**AIM OF THE TASK:**
With pictures removed, output every record below exactly as written.

*** Opening GIVEN RECORDS ***

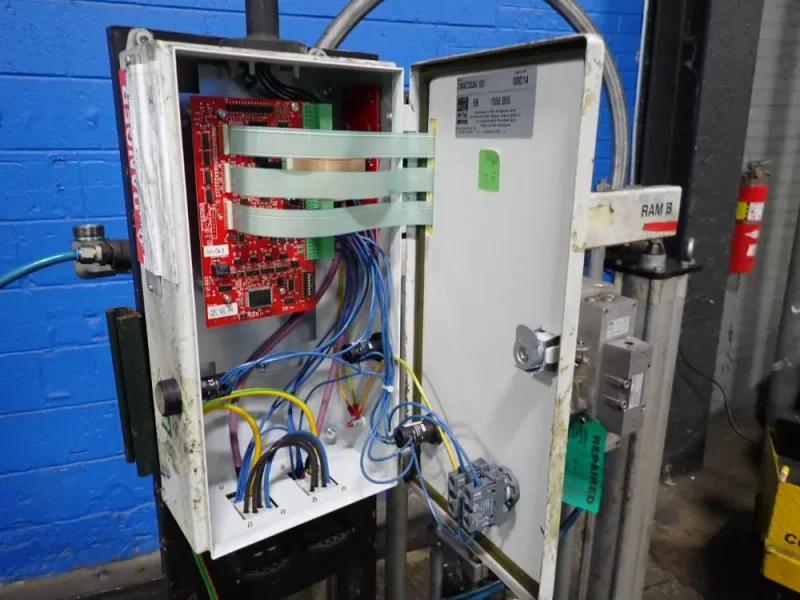 8 BAR ADHESIVE DISPENSING SYSTEM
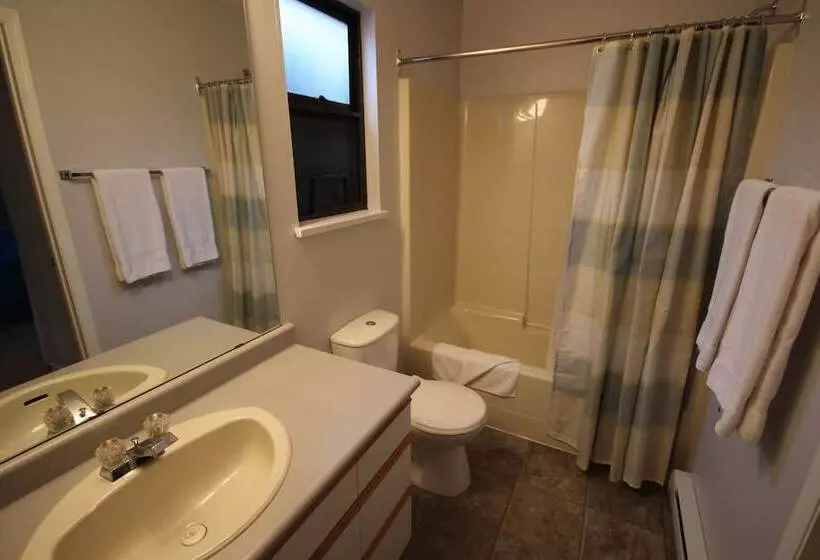 Cedar Grove Motel And Cabins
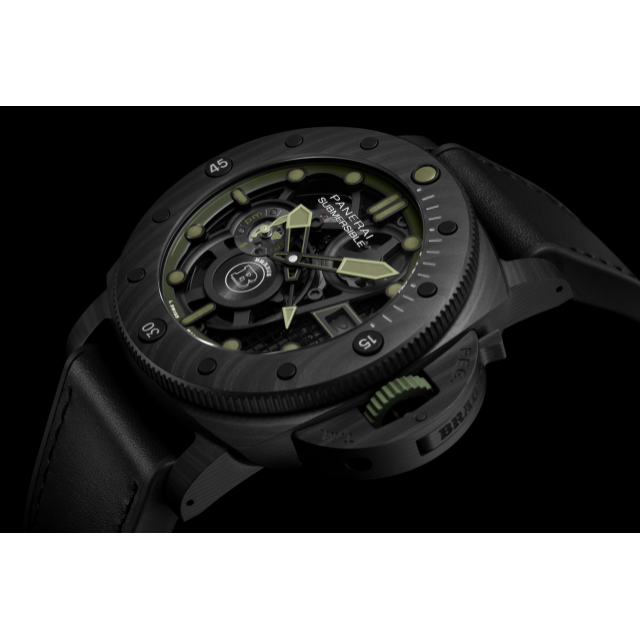 PANERAI Submersible潜行系列S Brabus Carbotech™腕表 PAM01283 Detail 3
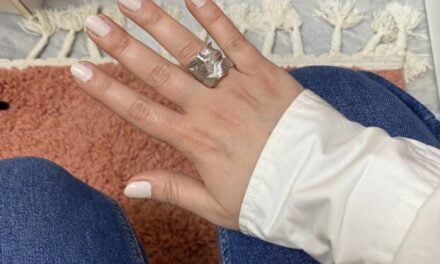 Αυτό το Pure White Manicure θα αναβαθμίσει το style game σας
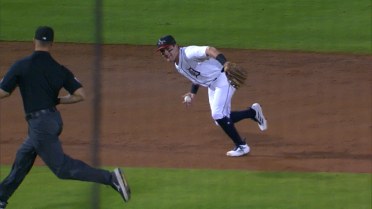 Kevin McGonigle's slick barehanded play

*** Closing GIVEN RECORDS ***

**ANSWER TO THIS TASK:**
 8 BAR ADHESIVE DISPENSING SYSTEM
 Cedar Grove Motel And Cabins
 PANERAI Submersible潜行系列S Brabus Carbotech™腕表 PAM01283 Detail 3
 Αυτό το Pure White Manicure θα αναβαθμίσει το style game σας
 Kevin McGonigle's slick barehanded play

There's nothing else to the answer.